We also believe that it is also important to examine the potential impact upon the City or County if we do not develop graduation facilities in the community.  This impacts the ability of our community to recruit and retain companies in the most important phase of their development, their growth phase.  As Tom Kern, President/CEO of the Lawrence Chamber, indicates in his letter, only four of the 17 companies that have spun out of KU over the last ten years have remained in Lawrence due to lack of lab space. A building of this type meets an important current and future need in order for the Lawrence/Douglas County area to grow bioscience opportunities.

 

5. Property taxes

 

Professor McClure writes:  “The LDCBA proposal states that the property will remain a taxable property.  This is not correct.  If the city is to own the property, it is not a taxable property.  Under some circumstances, a tenant could be charged a lease rate that is high enough to cover the debt on the property and an amount that would be paid in property taxes had the property been taxable.  This is usually referred to as a payment in lieu of taxes or PILOT. 

 

The financial projection for the property shows a PILOT, but it also shows that the project will not generate sufficient revenue to cover its own costs.  The losses are covered by the taxpayers.

 

It is disingenuous to claim that the property is on the tax rolls when it is publicly owned and generate losses that must be covered by the taxpayers.

 

The proposal should not mislead the taxpayers into thinking that this property will be anything other than a subsidized property.”

 

Response:  It is inaccurate to state that the property will not be on the tax rolls.  The proposal clearly indicates that it will remain on the tax rolls and this has been an important point regarding this project.

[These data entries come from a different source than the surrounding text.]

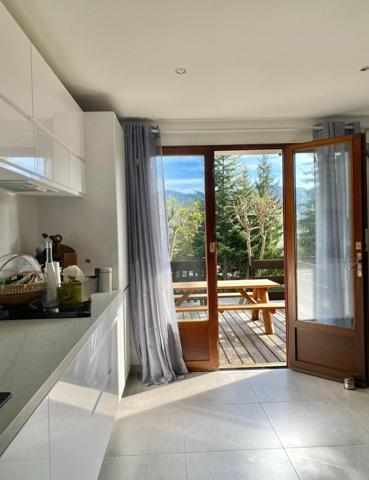 Appartement en rez de chaussée traversant de 45m² loi carrez, terrasse, et local commun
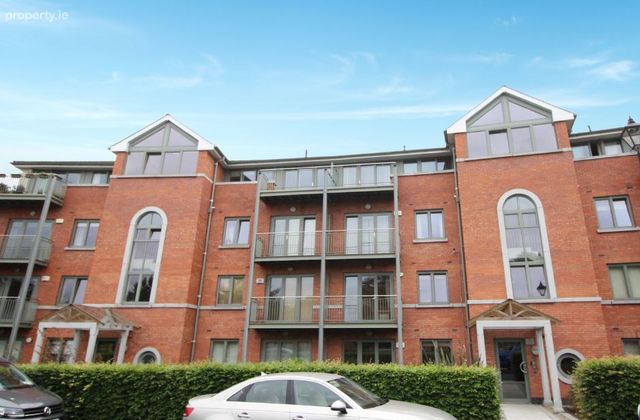 Beech Lodge, Farmleigh Woods, Castleknock, Dublin 15 - Click to view photos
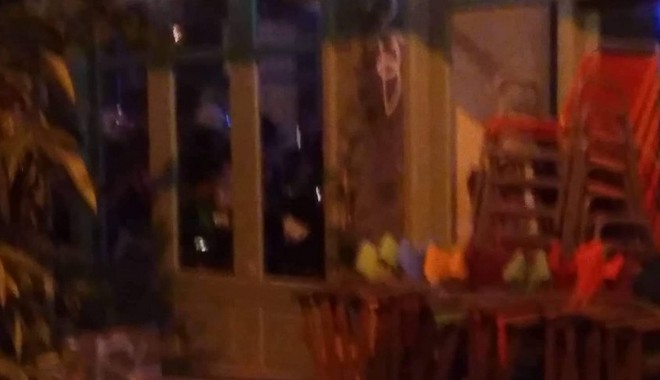 Νύχτα έντασης στα Εξάρχεια: Εισβολή της αστυνομίας σε μπαρ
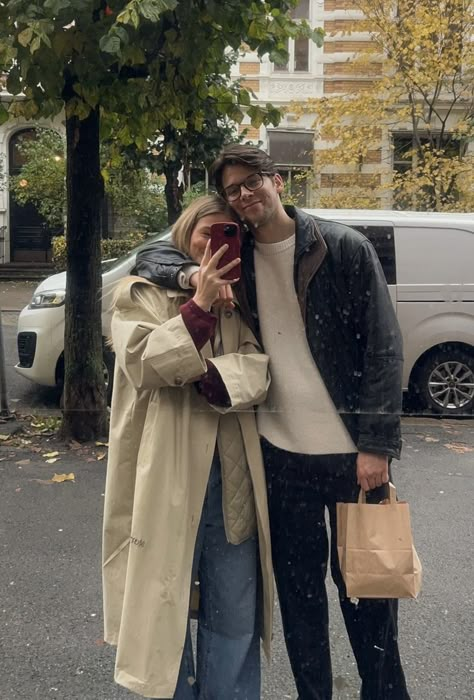 Boy Picking Up Girl Aesthetic, Fashionable Couple Aesthetic, Guy Taking Pictures Of His Girlfriend, Boston Couple Aesthetic, New York With Boyfriend, Boyfriend Fashion Aesthetic, Tall Man Aesthetic, Instagram Photo Inspiration Couple, Winter Outfit Couple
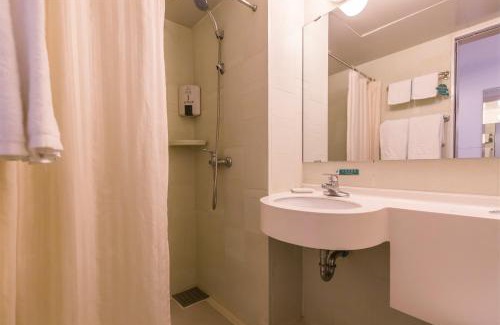 Qinhuai Qu Hotel | Jinjiang Inn Nanjing Xinjiekou West Chaotiangong Street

Case law and state statutes are very clear on this point- ownership by a public entity does not determine the taxability of a property, the use does.  It is clear that the anticipated use will be for private activities.  While Kansas does have a recently approved property tax exemption provision for incubator-type facilities, it is an agreed upon point in the proposal that the property WILL remain on the tax rolls.  This will ensure that the current property tax will continue to flow to the taxing jurisdictions from the property.  The stipulation regarding the taxability of the property would also be included in the LDCBA/City/County agreement.